*YOUR GOAL:* Among the lines below, take the one holding "Read JoJo's Bizarre", the one holding "Bursa'da Çıkan Kavgada", and all lines between them. Set them down exactly.

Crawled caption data

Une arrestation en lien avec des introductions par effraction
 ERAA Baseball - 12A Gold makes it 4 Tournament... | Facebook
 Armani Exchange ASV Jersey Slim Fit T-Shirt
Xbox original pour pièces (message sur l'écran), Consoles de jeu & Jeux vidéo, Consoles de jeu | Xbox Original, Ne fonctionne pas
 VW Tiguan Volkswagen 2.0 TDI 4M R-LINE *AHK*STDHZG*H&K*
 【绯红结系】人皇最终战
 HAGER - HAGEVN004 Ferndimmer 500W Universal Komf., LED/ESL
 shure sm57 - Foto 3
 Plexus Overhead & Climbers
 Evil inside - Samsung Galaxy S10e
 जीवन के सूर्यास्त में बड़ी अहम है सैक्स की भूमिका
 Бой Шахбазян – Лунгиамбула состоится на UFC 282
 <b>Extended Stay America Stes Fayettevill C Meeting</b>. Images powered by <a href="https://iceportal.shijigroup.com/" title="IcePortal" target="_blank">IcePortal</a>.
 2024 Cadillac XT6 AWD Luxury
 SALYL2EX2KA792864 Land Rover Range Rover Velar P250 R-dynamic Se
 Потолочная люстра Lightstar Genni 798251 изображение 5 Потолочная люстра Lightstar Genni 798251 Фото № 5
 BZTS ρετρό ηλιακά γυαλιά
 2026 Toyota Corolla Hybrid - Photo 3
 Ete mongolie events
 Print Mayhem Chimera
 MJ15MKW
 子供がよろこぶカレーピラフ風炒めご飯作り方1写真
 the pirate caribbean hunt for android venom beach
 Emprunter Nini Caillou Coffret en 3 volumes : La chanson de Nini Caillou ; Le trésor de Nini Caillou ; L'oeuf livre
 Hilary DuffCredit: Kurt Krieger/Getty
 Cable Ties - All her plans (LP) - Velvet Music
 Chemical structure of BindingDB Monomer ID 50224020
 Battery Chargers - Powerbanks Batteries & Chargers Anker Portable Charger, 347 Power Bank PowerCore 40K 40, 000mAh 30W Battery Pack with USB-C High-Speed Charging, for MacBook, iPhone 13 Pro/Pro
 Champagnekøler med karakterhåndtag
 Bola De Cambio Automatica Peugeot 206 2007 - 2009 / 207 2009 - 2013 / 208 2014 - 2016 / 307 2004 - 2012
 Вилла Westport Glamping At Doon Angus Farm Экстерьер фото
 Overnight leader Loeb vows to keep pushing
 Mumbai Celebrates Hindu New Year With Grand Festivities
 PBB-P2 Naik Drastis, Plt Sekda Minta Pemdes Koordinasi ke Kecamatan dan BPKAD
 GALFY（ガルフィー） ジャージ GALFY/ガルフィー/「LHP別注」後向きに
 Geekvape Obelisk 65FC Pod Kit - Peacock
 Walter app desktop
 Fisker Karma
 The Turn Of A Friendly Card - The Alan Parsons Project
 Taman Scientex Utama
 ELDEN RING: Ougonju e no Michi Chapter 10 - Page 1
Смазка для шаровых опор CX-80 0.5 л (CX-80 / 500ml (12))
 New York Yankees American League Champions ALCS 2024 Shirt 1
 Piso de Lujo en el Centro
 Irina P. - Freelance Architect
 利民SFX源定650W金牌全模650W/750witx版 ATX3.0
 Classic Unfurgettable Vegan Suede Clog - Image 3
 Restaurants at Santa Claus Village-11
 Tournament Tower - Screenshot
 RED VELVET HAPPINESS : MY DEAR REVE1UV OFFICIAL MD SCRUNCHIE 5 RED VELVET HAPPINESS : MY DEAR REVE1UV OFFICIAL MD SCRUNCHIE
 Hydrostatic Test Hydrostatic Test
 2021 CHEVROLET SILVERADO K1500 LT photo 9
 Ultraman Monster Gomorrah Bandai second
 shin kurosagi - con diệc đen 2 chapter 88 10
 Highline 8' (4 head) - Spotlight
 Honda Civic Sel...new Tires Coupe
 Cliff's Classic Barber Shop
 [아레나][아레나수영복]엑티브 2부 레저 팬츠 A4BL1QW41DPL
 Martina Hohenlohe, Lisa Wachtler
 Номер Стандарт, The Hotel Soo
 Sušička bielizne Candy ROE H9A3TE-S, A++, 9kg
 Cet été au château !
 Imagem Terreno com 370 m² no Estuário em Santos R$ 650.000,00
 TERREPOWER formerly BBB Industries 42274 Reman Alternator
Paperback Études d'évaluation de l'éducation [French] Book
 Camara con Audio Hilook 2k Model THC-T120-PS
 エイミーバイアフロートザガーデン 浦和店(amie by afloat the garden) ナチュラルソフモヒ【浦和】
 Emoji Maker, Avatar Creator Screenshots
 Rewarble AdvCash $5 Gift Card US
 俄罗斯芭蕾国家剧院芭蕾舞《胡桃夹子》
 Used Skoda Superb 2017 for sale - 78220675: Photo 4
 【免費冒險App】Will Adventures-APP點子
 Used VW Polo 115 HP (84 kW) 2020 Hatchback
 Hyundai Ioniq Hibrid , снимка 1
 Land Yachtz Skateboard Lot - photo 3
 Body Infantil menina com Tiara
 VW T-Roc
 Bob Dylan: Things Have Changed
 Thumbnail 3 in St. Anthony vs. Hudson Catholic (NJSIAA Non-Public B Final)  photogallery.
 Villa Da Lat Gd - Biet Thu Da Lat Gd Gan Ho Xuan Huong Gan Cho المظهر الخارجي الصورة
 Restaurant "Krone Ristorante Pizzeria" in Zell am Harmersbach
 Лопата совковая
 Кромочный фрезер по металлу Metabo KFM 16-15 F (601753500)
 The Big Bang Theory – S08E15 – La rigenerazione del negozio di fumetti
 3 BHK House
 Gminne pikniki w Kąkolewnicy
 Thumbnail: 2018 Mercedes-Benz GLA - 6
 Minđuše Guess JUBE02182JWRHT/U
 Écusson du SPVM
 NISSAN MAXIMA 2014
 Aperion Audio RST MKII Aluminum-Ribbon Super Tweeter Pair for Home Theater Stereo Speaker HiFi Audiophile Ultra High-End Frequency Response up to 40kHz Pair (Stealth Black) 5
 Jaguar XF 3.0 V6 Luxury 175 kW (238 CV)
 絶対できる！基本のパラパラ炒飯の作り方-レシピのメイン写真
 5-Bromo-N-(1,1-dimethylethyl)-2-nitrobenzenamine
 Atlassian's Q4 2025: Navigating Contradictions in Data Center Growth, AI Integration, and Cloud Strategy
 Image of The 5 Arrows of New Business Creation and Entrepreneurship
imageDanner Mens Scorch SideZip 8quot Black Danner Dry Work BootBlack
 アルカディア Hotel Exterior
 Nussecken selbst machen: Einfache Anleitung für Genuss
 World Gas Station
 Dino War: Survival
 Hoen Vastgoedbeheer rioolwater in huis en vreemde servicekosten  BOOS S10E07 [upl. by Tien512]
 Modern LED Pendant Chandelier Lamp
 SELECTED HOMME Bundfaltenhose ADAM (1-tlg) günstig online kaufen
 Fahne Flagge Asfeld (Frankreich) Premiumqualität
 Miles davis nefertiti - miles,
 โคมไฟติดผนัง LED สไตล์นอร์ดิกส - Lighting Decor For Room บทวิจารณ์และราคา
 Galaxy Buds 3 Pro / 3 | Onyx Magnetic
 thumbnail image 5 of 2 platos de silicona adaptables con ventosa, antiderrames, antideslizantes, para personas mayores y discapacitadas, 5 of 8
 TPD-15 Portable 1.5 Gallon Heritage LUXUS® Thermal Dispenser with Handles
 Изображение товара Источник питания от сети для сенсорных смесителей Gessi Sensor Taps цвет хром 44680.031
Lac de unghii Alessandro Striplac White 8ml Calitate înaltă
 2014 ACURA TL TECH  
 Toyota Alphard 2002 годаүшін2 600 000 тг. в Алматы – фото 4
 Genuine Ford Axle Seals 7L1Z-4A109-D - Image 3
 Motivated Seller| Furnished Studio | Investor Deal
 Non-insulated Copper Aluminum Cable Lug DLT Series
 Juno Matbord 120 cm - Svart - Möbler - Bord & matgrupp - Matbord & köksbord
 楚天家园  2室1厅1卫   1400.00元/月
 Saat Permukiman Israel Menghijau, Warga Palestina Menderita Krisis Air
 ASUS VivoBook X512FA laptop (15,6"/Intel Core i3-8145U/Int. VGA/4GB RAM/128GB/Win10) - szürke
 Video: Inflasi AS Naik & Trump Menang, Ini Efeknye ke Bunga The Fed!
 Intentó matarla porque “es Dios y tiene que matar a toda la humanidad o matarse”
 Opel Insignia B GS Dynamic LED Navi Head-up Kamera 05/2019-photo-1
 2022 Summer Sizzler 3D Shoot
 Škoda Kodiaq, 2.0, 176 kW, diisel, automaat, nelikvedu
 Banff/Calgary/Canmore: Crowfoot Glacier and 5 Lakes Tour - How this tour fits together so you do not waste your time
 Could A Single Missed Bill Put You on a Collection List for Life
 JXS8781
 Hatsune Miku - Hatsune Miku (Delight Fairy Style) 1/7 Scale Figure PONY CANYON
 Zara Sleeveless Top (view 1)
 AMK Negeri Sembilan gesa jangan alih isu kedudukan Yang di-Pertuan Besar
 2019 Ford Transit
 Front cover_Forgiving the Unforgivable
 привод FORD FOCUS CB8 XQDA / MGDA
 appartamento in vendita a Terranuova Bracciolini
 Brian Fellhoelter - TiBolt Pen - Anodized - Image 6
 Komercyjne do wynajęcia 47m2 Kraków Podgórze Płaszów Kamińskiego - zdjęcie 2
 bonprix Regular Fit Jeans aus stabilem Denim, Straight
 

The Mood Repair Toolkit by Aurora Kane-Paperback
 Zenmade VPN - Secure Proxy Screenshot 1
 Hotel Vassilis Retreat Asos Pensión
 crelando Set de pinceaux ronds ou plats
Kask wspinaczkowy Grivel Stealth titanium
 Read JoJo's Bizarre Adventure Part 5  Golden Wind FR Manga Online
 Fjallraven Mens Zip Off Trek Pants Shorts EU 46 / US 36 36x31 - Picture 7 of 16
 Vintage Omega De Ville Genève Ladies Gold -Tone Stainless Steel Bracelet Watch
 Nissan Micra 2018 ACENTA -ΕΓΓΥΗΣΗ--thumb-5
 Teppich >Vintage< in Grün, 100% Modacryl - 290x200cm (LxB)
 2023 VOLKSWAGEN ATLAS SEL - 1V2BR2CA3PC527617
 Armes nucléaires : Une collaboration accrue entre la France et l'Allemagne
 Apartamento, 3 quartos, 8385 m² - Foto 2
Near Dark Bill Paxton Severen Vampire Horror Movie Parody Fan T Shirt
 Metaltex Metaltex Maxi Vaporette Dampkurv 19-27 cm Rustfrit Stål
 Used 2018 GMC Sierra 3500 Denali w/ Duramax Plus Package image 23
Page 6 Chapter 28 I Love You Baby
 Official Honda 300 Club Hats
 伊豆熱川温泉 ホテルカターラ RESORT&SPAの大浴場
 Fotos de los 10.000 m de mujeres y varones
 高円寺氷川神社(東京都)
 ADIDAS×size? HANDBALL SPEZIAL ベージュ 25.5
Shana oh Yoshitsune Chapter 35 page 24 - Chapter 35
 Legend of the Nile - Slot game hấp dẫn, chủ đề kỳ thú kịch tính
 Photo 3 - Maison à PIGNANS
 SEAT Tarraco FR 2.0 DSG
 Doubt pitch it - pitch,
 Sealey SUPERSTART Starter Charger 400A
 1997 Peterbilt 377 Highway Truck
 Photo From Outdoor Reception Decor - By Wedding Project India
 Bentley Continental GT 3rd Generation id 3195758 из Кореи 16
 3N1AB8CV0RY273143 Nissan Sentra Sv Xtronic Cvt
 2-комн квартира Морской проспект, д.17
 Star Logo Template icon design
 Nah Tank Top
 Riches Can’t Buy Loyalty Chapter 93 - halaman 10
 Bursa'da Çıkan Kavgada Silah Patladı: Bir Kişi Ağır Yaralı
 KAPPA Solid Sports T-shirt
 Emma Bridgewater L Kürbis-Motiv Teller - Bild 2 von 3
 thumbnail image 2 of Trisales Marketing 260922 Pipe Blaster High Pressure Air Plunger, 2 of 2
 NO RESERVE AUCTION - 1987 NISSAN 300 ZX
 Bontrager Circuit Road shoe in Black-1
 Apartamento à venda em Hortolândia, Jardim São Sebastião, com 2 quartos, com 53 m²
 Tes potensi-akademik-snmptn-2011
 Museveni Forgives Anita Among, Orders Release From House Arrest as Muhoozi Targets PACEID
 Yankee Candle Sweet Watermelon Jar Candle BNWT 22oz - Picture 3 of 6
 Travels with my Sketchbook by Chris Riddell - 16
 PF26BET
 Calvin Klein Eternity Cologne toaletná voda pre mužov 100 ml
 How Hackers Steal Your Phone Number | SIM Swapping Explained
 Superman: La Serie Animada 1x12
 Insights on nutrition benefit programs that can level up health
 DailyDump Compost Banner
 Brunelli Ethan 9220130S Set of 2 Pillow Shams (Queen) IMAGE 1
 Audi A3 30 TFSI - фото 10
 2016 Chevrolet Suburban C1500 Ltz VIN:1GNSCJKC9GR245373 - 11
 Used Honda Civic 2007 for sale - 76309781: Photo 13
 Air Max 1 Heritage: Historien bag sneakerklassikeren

*SOLUTION FOR THIS EXERCISE:*
 Read JoJo's Bizarre Adventure Part 5  Golden Wind FR Manga Online
 Fjallraven Mens Zip Off Trek Pants Shorts EU 46 / US 36 36x31 - Picture 7 of 16
 Vintage Omega De Ville Genève Ladies Gold -Tone Stainless Steel Bracelet Watch
 Nissan Micra 2018 ACENTA -ΕΓΓΥΗΣΗ--thumb-5
 Teppich >Vintage< in Grün, 100% Modacryl - 290x200cm (LxB)
 2023 VOLKSWAGEN ATLAS SEL - 1V2BR2CA3PC527617
 Armes nucléaires : Une collaboration accrue entre la France et l'Allemagne
 Apartamento, 3 quartos, 8385 m² - Foto 2
Near Dark Bill Paxton Severen Vampire Horror Movie Parody Fan T Shirt
 Metaltex Metaltex Maxi Vaporette Dampkurv 19-27 cm Rustfrit Stål
 Used 2018 GMC Sierra 3500 Denali w/ Duramax Plus Package image 23
Page 6 Chapter 28 I Love You Baby
 Official Honda 300 Club Hats
 伊豆熱川温泉 ホテルカターラ RESORT&SPAの大浴場
 Fotos de los 10.000 m de mujeres y varones
 高円寺氷川神社(東京都)
 ADIDAS×size? HANDBALL SPEZIAL ベージュ 25.5
Shana oh Yoshitsune Chapter 35 page 24 - Chapter 35
 Legend of the Nile - Slot game hấp dẫn, chủ đề kỳ thú kịch tính
 Photo 3 - Maison à PIGNANS
 SEAT Tarraco FR 2.0 DSG
 Doubt pitch it - pitch,
 Sealey SUPERSTART Starter Charger 400A
 1997 Peterbilt 377 Highway Truck
 Photo From Outdoor Reception Decor - By Wedding Project India
 Bentley Continental GT 3rd Generation id 3195758 из Кореи 16
 3N1AB8CV0RY273143 Nissan Sentra Sv Xtronic Cvt
 2-комн квартира Морской проспект, д.17
 Star Logo Template icon design
 Nah Tank Top
 Riches Can’t Buy Loyalty Chapter 93 - halaman 10
 Bursa'da Çıkan Kavgada Silah Patladı: Bir Kişi Ağır Yaralı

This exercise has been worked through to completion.